1SPRS, Vol.34, Part 2W2, “Dynamic and Multi-Dimensional GIS", Bangkok, May 23-25, 2001
254
MINING SEQUENTIAL PATTERN FROM GEOSPATIAL DATA
Yin SHAN
Joint Lab. For Geoinformation Science & Department of Geography
The Chinese University of Hong Kong
shanyin@cuhk.edu.hk
Tao CHENG
Department of Geography, University of Leicester, Leicester LE1 7RH, United Kingdom
tcheng@le.ac.uk
Hui LIN
Joint Lab. For Geoinformation Science, The Chinese University of Hong Kong
huilin@cuhk.edu.hk
KEYWORDS ¡Spatio-Temporal Data Mining, Sequential Pattern, GIS
ABSTRACT
Recently spatio-temporal data mining begins to be introduced into Geographical Information Systems (GIS) community. We present a
method to mine sequential pattern from geographical data in this paper. WINEPI algorithm is employed to discovery frequent episodes
in spatio-temporal data.
1. INTRODUCTION
Since our capability of gathering and managing data improved
considerably in recent years, traditional data analysis cannot
make sense of this huge volume of data. Data mining, as a
term which appeared in late 80s, is now an active research
field to facilitate extracting novel, interesting and potentially
useful knowledge from these massive datasets. Data mining,
which is originated for extracting knowledge from transaction
database, is now extended for processing spatial, temporal,
even spatio-temporal data.
Recently spatio-temporal data mining begins to be introduced
into Geographical Information Systems (GIS) community
(koperski 1999; Buttenfield, Gahegan et al. 2000). In fact,
because of its multidimensional and dynamic characteristics,
GIS as a science and collection of techniques for handling
geo-referenced data, is not only a satisfying application
domain for data mining, but also can propose fresh questions
for data mining community. More importantly, GIS as a
powerful tool to manage geographical data, have already had
so much data stored in it. Since geographical data are
collected with high cost, it is more necessary and emergent to
make the most of these data. Data mining, especially spatio-
temproal data mining, should play a notable role in this
process.
Basically, the tasks of data mining include segmentation,
dependency analysis, deviation and outlier analysis, trend
detection, generalization and so on. Its main techniques
consist of cluster analysis, Bayesian classification, decision
tree, neural networks, association rules, outlier detection,
attribute-oriented induction, etc. (Miller and Han 2001)

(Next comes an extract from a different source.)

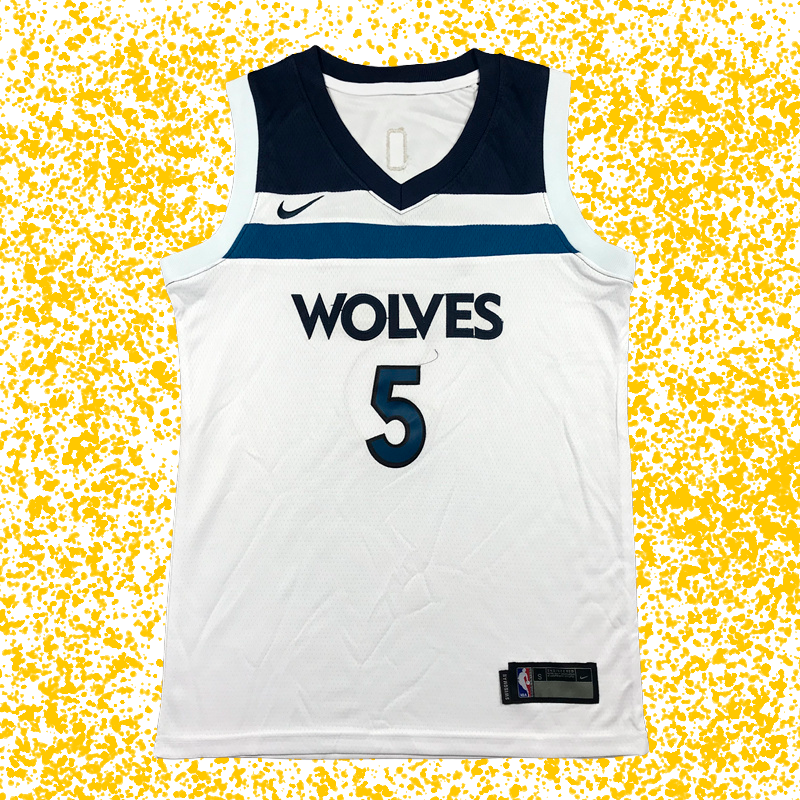 Timberwolves #5 Edwards White Association Edition T-Shirt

We present a method to mine sequential pattern from
geographical data in this paper. The discovery of frequent
sequences is important domain of temporal mining.
Correlations are discovered among events ordered on the time
axis. In many applications, sequence mining is used to assess
after which events an interesting event is expected to occur. In
the context of GIS, the sequential pattern of spatial changes of
geographical objects depicts the correlation, maybe potential
causal relation, among changes. These correlation can not
only be used for prediction, but also motivate scientist to look
for explanation and mechanism behind the correlation, which
will enrich our knowledge in the end.
The rest of this paper is organized as follows. In the next
section our method for mining sequential pattern from
geospatial data is presented. Three sections that follow
discuss the three steps of our method separately. At last,
conclusion and future research issues are given.
2. A METHOD FOR MINING SEQUENTIAL PATTERN
FROM GEOSPATIAL DATA
Generally speaking, spatio-temporal data mining is an active
but immature field. Spatial generalisation, spatial clustering
and spatial associations can be extended to deal with temporal
information (Abraham and Roddick 1998). In order to be able
to handle time as well as space, some new rule types, such as
meta-rule and evolution rule are also proposed. (Abraham
1999) In this paper, we propose a different method. We
introduce WINEPI algorithm (Mannila, Toivonen et al. 1997) to
discovery frequent episodes in spatio-temporal data.
Abstractly, data with temporal attributes can be viewed as a
sequence of events, where each event has an associated time
of occurrence. One basic problem in analyzing such a
sequence is to find frequent episodes, i.e., collections of
events occurring frequently together (Mannila, Toivonen et al.
1997). We believe this analysis could be introduced into
mining geospatial data to find the sequential pattern among
spatial changes.